Рубцов смешался с толпой, но как только примеченный покупатель направился к выходу, тотчас вернулся за Тюменцевым и торопливо прошептал:
— Быстро, не то потеряем!
Все больше и больше недоумевая, Петр покорно двинулся за Рубцовым. На улице он было остановился, спросил:
— Чего хоть случилось-то?
— Потом! — оборвал его Арсений Павлович, увлекая в переулок, где, удаляясь, маячила широкая спина в черном плаще.
Но вот Рубцов замедлил шаг, чтобы закурить. И тут Тюменцев опять спросил:
— Да кто это?
— Если не ошибаюсь, это Алексей Михайленко…
— Что за человек? И на кой ляд он тебе сдался?
— Я его еще по Полесью помню, — пояснил Рубцов. — Он у немцев в лагерной охране служил.
— Да ну?
— Точно… Потом от нас его в Жатковичи перевели, в криминальную полицию. А последний раз я его в сорок третьем в оцеплении видел. Нас тогда под Ровно этапом гнали…
— Что же делать? — Тюменцев взглянул на часы.
— Бросать этого мерзавца нельзя, — сказал Рубцов. — Ты один поезжай.
— А может, наплевать на эти соревнования?
— Нет, не годится. Ты не бойся, управлюсь…
Тюменцеву было неловко оставлять приятеля одного, он еще несколько минут тащился за ним следом, пока не увидел свой автобус, который как раз подкатывал к остановке. Рубцов на прощанье помахал Петру рукой.

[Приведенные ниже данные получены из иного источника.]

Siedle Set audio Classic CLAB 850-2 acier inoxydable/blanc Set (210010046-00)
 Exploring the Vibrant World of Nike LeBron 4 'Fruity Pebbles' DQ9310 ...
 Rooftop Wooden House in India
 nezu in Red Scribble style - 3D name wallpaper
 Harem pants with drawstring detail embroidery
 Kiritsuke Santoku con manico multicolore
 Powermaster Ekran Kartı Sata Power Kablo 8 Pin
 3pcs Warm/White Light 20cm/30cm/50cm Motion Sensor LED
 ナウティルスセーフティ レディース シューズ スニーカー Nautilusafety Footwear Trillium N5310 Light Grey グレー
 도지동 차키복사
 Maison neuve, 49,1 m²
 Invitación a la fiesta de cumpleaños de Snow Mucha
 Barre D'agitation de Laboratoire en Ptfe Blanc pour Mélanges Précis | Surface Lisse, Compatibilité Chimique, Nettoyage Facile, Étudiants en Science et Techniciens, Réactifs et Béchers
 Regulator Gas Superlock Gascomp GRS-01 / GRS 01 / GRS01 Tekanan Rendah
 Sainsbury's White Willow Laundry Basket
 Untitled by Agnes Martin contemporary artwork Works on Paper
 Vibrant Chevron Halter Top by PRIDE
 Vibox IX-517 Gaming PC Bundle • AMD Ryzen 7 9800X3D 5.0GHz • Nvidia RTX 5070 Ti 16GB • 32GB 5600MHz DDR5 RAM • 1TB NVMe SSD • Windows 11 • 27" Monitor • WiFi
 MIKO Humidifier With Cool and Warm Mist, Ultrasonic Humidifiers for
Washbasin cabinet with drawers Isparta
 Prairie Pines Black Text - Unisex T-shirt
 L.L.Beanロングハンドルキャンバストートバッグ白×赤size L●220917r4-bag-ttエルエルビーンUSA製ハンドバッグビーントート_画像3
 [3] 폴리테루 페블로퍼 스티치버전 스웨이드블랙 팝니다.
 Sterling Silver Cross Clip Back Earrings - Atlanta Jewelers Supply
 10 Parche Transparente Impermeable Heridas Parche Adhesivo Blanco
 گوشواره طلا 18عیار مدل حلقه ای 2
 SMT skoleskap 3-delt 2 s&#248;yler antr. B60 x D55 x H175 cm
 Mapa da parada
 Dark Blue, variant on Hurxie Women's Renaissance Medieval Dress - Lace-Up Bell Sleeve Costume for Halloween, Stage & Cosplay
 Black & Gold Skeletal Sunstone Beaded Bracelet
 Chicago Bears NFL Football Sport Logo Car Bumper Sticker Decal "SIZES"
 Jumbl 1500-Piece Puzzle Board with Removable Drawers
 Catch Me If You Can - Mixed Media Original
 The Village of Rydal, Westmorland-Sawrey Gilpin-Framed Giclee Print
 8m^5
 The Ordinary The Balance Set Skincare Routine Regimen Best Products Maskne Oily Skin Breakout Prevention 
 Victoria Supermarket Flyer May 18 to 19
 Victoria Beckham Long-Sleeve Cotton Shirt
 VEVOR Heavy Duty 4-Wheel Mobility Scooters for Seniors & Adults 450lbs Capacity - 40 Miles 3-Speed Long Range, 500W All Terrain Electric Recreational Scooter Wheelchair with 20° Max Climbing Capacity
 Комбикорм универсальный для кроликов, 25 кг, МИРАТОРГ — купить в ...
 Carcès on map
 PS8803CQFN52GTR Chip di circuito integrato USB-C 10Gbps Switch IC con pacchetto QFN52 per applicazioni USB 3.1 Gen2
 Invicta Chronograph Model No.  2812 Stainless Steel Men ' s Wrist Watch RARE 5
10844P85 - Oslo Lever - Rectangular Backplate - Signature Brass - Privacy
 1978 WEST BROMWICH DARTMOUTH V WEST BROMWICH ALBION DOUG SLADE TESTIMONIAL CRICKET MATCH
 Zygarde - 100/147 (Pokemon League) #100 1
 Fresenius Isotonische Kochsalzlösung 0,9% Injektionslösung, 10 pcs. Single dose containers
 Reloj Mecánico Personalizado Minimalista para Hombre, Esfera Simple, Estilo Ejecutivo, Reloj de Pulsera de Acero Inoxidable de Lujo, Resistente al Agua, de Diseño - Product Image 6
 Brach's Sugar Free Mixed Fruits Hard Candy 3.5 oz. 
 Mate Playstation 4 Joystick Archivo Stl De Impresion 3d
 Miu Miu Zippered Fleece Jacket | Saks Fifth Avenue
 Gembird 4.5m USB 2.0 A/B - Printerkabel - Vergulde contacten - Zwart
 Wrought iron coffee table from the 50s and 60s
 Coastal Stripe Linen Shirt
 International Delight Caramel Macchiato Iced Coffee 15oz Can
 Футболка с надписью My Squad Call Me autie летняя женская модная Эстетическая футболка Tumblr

Дождь все моросил. Опускались промозглые сумерки, быстро темнело.
Михайленко зашел в булочную. Через несколько минут вышел. В руке — небольшой бумажный сверток. Постояв немного, он зашагал вниз по улице.
Выждав, Рубцов двинулся следом. Не упуская своего подопечного из виду и стараясь не попадаться ему на глаза, когда тот время от времени оборачивался, Арсений Павлович неотступно сопровождал его квартала четыре — до Большой Болотной улицы.
Возле трехэтажного кирпичного дома со светящимся номером «33» над зелеными воротами Михайленко остановился. Прежде чем открыть калитку, внимательно осмотрелся по сторонам и только после этого скрылся во дворе.
Дождь пошел сильнее. Рубцову пришлось искать убежища в ближайшем подъезде. Однако он тут же изменил свое намерение, оставил подъезд и быстро зашагал под дождем, не разбирая дороги…
Когда Арсений Павлович постучался в двери городского отдела госбезопасности, на нем не было сухой нитки. Светлые волосы прилипли ко лбу, лицо было мокрым, с пальто стекала вода, образуя на полу мутные лужицы.